◆ TASK DESCRIPTION
From the listing below, set down exactly the lines between the one holding "海角社区揭密视频平台引爆全网热潮" and the one holding "elaine_sun Webcam Chat September 11, 2026", inclusive. No other line is wanted.

◆ DATA PROVIDED
_ _ _ _

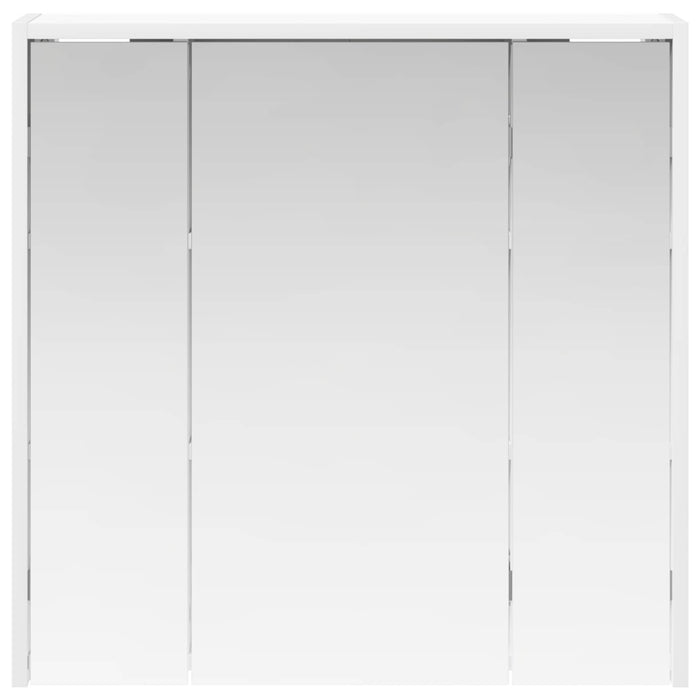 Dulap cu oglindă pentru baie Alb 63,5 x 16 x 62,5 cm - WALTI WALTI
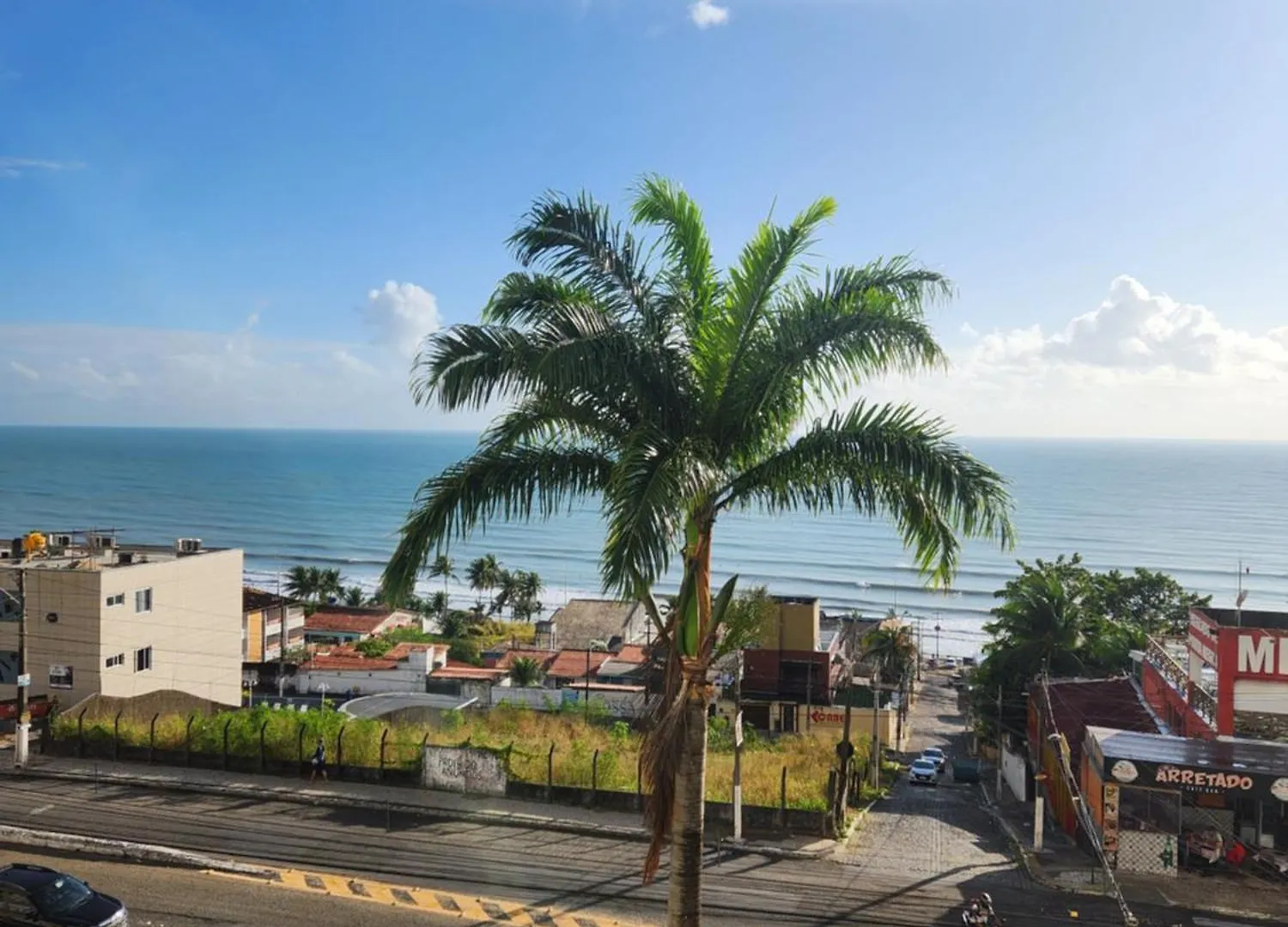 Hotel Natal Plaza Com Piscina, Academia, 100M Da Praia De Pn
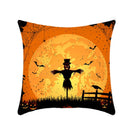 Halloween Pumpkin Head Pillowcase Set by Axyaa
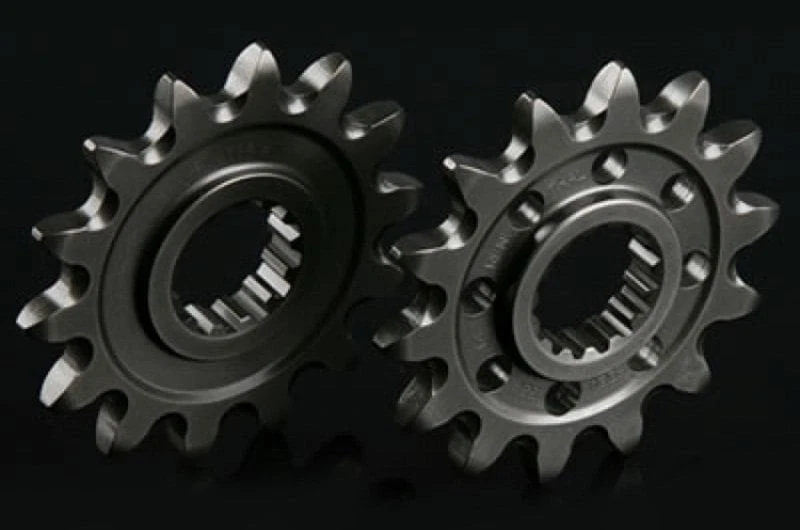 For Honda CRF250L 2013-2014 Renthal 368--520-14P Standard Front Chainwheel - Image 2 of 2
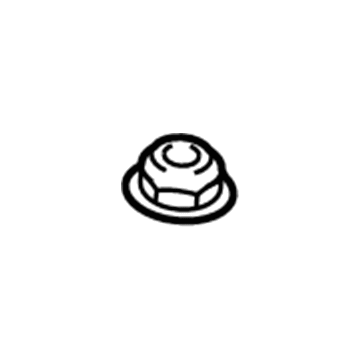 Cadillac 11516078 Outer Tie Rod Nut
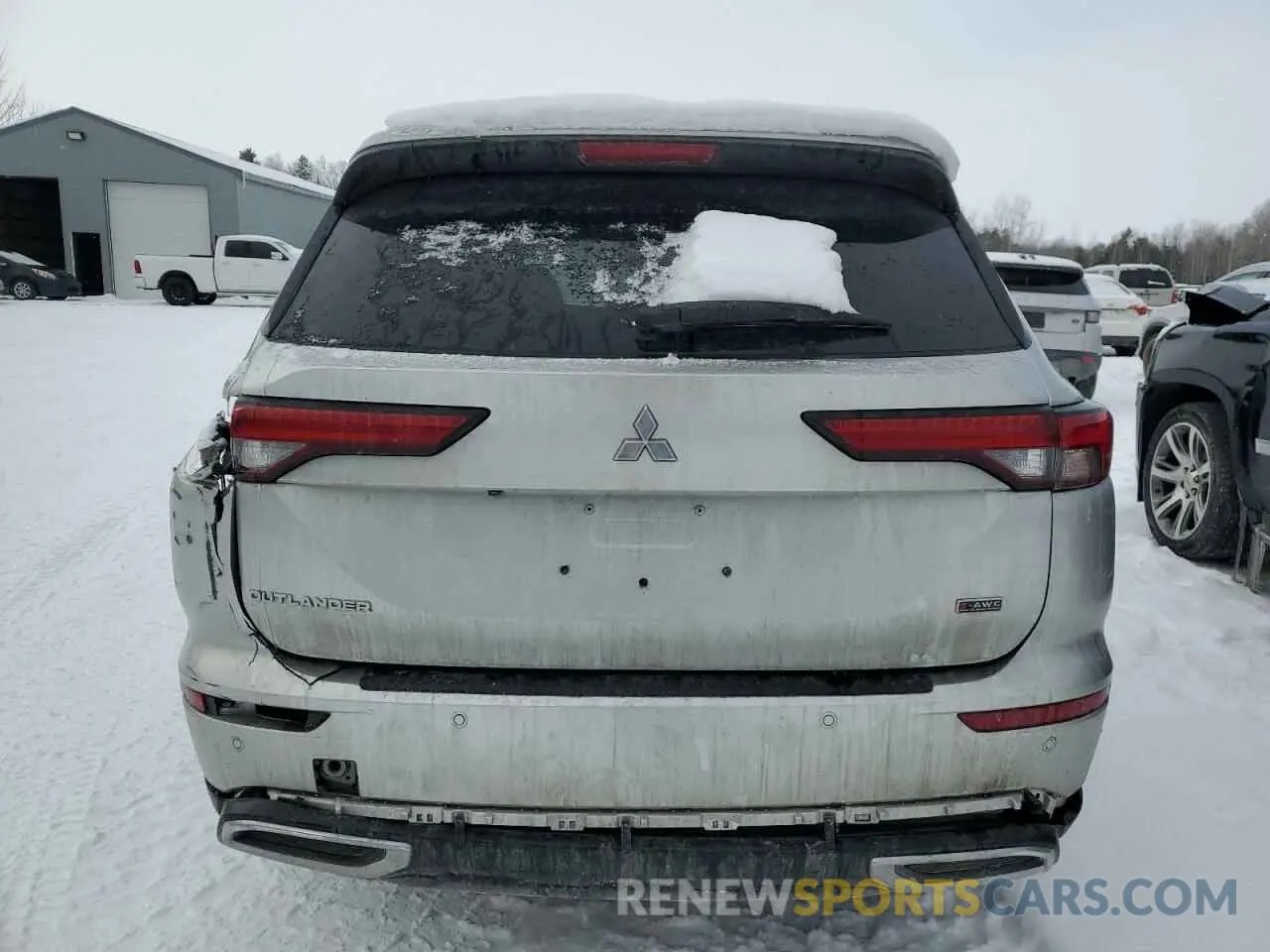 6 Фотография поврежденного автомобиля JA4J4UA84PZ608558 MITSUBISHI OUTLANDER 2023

_ _ _ _

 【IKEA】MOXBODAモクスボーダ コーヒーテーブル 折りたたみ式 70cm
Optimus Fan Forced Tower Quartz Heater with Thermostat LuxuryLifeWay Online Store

_ _ _ _

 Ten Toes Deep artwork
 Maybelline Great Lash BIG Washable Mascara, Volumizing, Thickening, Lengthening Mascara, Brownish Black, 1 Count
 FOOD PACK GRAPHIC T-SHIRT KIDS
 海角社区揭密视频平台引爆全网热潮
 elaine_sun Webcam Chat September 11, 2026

_ _ _ _

◆ RESPONSE AREA
 海角社区揭密视频平台引爆全网热潮
 elaine_sun Webcam Chat September 11, 2026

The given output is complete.